Young souls are attracted to becoming high-status leaders, and when that happens, the God they talk about tends to get smaller and smaller, and be more and more about status in the culture - about who is pleasing in the eyes of God, and who is not. Shamanism doesn't really have much of this structure in it, and that's one reason I fell in love with this path.

By the way, this is why there is always a conflict between the priests and the prophets, because the prophet's main job is to arrive with a hammer to smash open the institutions that have shrunk God down smaller than God really is in order to serve the culture's self-identity (for example, making Jesus white, or God as loving the rich most). The prophets are always on the losing end in the short term, but ultimately win out as religions crumble.
 

So, my suggestion is to go as big, and as non-human, as you possibly can in your imagination of Spirit. And using the framework of soul age, think like an older soul: you and Spirit are in a co-creating partnership, not a top-down, judgment-punishment relationship. (I teach about this in my upcoming class on prayer. )
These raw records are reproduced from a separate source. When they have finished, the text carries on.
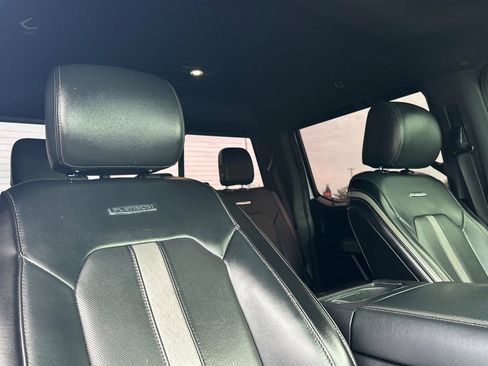 Used 2018 Ford F250 Platinum AWD/4WD image 16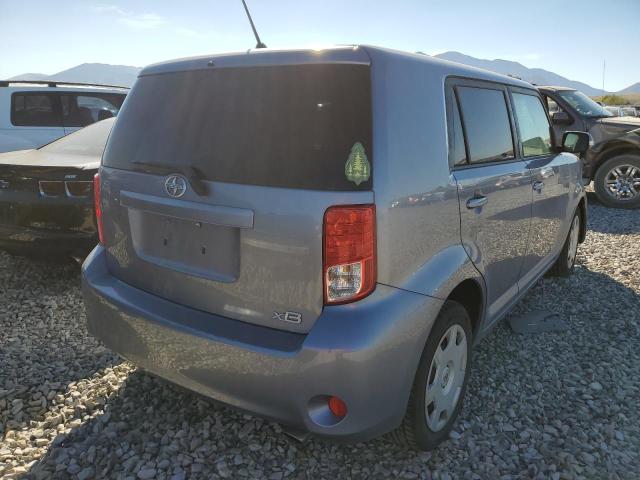 JTLZE4FE9CJ004439 - 2012 TOYOTA SCION XB أزرق صورة 4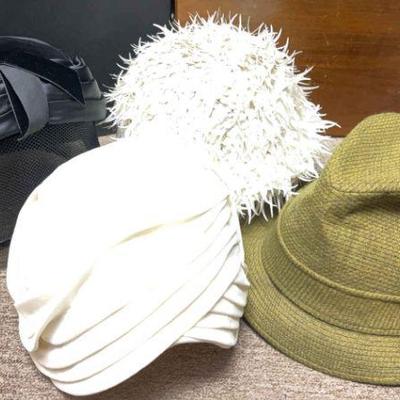 Vintage hats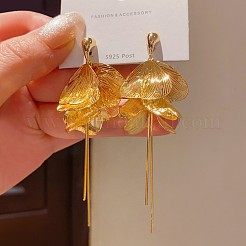 Brass Stud Earrings for Women&nbsp;WGDAEFE-01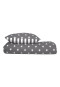 Reversible bed linen 2-piece set renforcé gray - SCHIESSER Home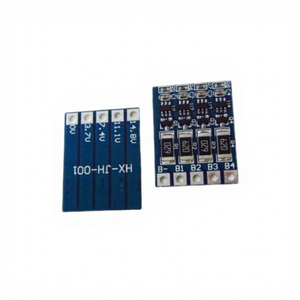 Placa de Equilibrio Original para 4 Baterías de Litio 14.8V18650, Placa de Equilibrio para Baterías de Polímero 4S16.8V - Product Image 1
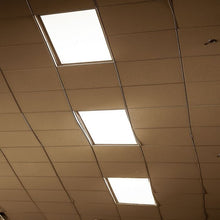 Carica l&#39;immagine nel visualizzatore di Gallery, V-TAC PANNELLO LED 40W 60X60 SMART LIFE VT-5140 WI-FI TRICOLOR DIMMERABILE
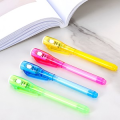 INVISIBLE INk WRITING PEN-Magic Pen-Cheating Pen-Pack Of 2. 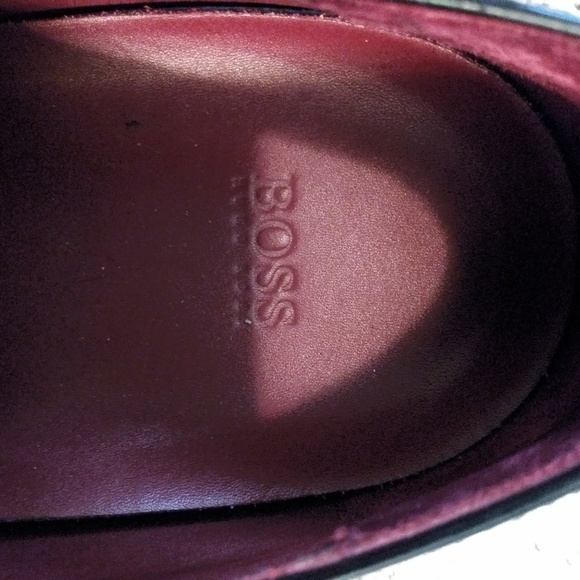 Hugo Boss Tuxedo Dress Shoes main image 4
Religions have soul ages, as individuals and cultures do, and if you've left the hierarchical religion of your youth for a more mystical framework, it may be because you no longer resonate with a younger soul religion. (It may also be that the New Age things you gravitated to allow you to activate your young soul with more fun, so be careful about spiritual arrogance. Older soul does not mean more spiritual, it only means a different frame of reference.)
 

Ask Spirit not to rescue you from fear, but to teach you how to transform your fear that makes you (and everything around you) smaller than is true. Ask Spirt to continue working with you in this lifetime, slowly cooking you and teaching you how to be human, as it has so many lifetimes before this. Put your trust in that Great Spirit, and if you feel ready, ask Sprit directly and unambiguously to step up the work with you, to open new pathways of vision and wisdom in this life because you are now ready after so much practice in previous lives.
 
Toward the second place of trust:
Look to the most immediate and intimate places in your life for what you can trust without question. For many indigenous people, the sunrise is one source for this. The sun may not seem intimate, but it is with you every day, unceasingly, never abandoning you. It gives life to everything on this planet and will always rise, always bathe you in life-giving, life-healing and life-transforming love of life itself, even if there are clouds or cold air between the two of you.

A simple prayer to the sun every morning can actually do wonders. Ask the sun to help you trust life, to illuminate your trust in life. Make that prayer before you do anything else – before you begin worrying or planning the day. The same can be done with the plants around your house and all the creatures, as well as the love of your partner, children, pet, or the land you live on. If you work with deities form any tradition, remember that deities are not giant humans with powers, but forces of nature dressed up in human clothing so they don't scare us away. 

In the immediate realm, put your trust in Yale professor Dr. Laurie Santos’s
Five Behaviors of Happiness: get social, give thanks, be in the moment, rest and move, be kind.
 
May 2021 offer you kindness, rest, movement, presence, gratitude and communion.